I cannot fathom why some moments, places or people get engraved in my heart with ink more indelible than most... why they stick and, when least expected, resurface with an almost unbearable intensity. One such time and place is my grandparent's house in the country, where I spent the better part of my childhood summers, the BEST parts of my childhood summers. A small house built in the 1940's, sometime before communism engulfed the nation, on a much beloved street corner with view of hilltops that my grandfather, perched on his wooden leg, used to promise me as gift in an uncertain but near future... hilltops that today, though I never did receive for they were never his to give, shape the contours of my love for this country.
In the midst of an intense bout of nostalgia for this long gone time and place and in dire need for some fresh air, I stole two half days of my mostly busy schedule and headed for a walk down memory lane. In a world where EVERYTHING changes at a pace I can't seem to follow, it is so soothing to see that most things in this place at least, have not yet changed. Here, the air is still crisp, the roads are still made of mud and stones, farmers still walk their cows to and from grazing and water wells. Here, people still use horse-drawn carriages to move about, still plow the land the old-fashioned way, still move in rhythm and in harmony with nature. Here, the morning sun is still greeted by roosters' songs... well, at least until their heads are chopped off by hungry hands...

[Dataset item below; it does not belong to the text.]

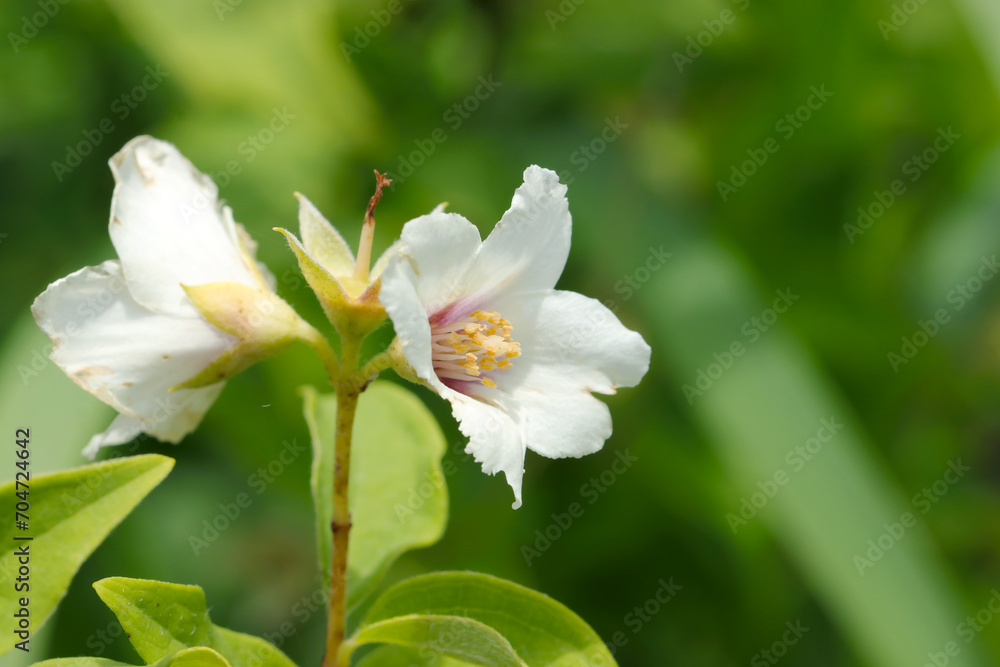 里山に咲く、香りがいサツマウツギのかわいらしい白花たち（自然光＋ストロボ、マクロ接写撮影）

In front of my beloved house:
The promised hills:
Water wells still used:
Timeless roads:
Timeless moments:
Everything is still done the old-fashioned slow way... By hand, with love, with patience and care, with thoughts of tomorrow, with love for the land. Of course, some of those thoughts could and should be extended to the creatures that sustain this way of life. See, this rooster for example... few weeks back, there were 5. Now he is the last one on the list, the last one to land in my uncle's soup...
And these adorable little piglets... they will eventually meet the same fate...
What!?! Really? How can they eat these little creatures... stinky though they may be!!!
Same goes for these turkeys! Who's next???
What about Rex?
He is safe.... for NOW. As long as he stays under the radar and protects the land!
This house, this land, these moments in time, I owe it to them, my grandparents :
Weren't they GRAND?
My grandfather Dumitru, a.k.a Mitica, was a war hero who went through both World Wars and gained a huge collection of war medals, the friendship of Romania's last King and a wooden leg. He never worried a day in his life, promised us kids not only the surrounding hills, but also the moon and the stars, never delivered on any of his promises to anybody but always kept his happy-go-lucky spirit until the day he died.
My grandmother Felicia, plump, blue-eyed, dark-haired and considered a beauty and quite the catch in her youth, during communist years, ran an underground business of selling hard liquor made of plums that still grow to this day in her backyard. She used to run her household with an iron hand and she would spice up my summer nights with wild and scary tales of Satan.... probably to teach me, in her own particular way, the power of prayer. She, along with her two sisters lived a childhood filled with hard labor, under the harsh discipline of their demanding father. Of the three sisters, she is the only one who continued the bloodline of their family. The younger sister, in whose apartment I now live, married too late for children and, the last sister, the only one still alive today, unfortunately I do not know that much about.
She is the last link to a rich history and era that is almost nearly extinct.
I feel such a deep connection to this side of my family, my grandmother and her younger sister especially. One grim morning, too many years ago, I woke up from a dream with an uneasy feeling... I had had a bad dream. As soon as the fog lifted from my sleepy brain I realized where the uneasy feeling came from: my grandmother had died. I knew it with every fiber in my being. In my dream, there were many people... sort of like for a wake. And, though I never saw who it was for, I ....felt... my grandmother's spirit hovering somewhere and nowhere among these people at that wake. I jumped up from my bed and went to tell my mother to call her mom... for I feared she had died. The time it took for my mom to disagree with me, the phone rang. Exactly two weeks later, I awoke with the same bad feeling from another bad dream: my grandmother had come to take her younger sister in one of those old-fashioned 1930's planes. I again jumped from my bed and told my mom to call her aunt... Before I was finished, the phone rang again.
And so it is, perhaps, why I now hold on to this place, these memories, this precious time of my life. I don't think I ever mourned them properly... I don't think I was ever ready or willing to leave this country, to change this way of life.
Though this place has stood the test of time, though its roads are still the same... its people have gone, have changed, have moved away.... and so, I realize, have I. Nothing can bring back time... The ease and innocence of my childhood... The love I read in their eyes... is this what I am searching for? Is this what perfumes the air I breathe at their little house overlooking the promised hills?
Something there I will always be searching for... Some part of me will always be missing them. And, i believe, so it has to be. At least for me. My heart bleeds of love for them, love for that time... and does so willingly. For it is in my love for them, that they will live through me.